(TASK GOAL): The required output is the lines below from the line containing "Week 06, 2024 in world market" to the line containing "Nx Dependency Graph", inclusive, retyped exactly. No other lines belong in it.

(EXERCISE DATA):

▽

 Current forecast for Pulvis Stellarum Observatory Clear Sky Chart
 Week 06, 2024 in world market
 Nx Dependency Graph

△
▽

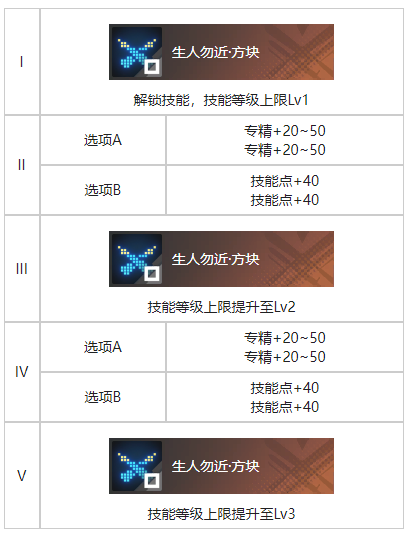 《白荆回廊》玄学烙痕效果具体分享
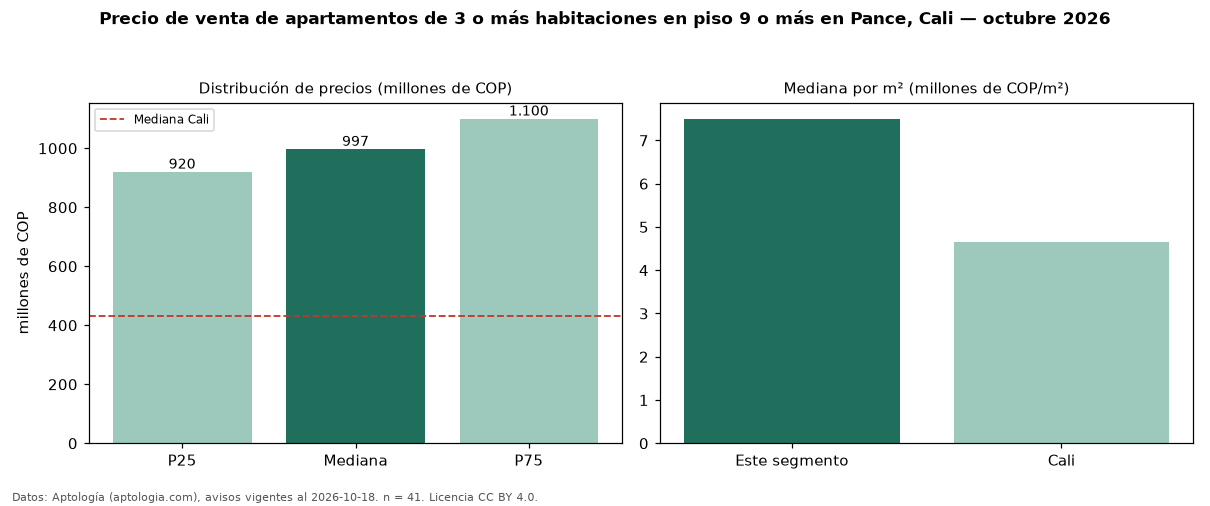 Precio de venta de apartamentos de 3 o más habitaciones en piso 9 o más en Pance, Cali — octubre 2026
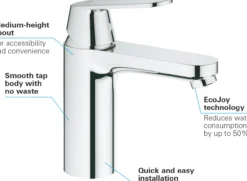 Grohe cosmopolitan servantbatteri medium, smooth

△

(RESPONSE FOR THIS EXERCISE):
 Week 06, 2024 in world market
 Nx Dependency Graph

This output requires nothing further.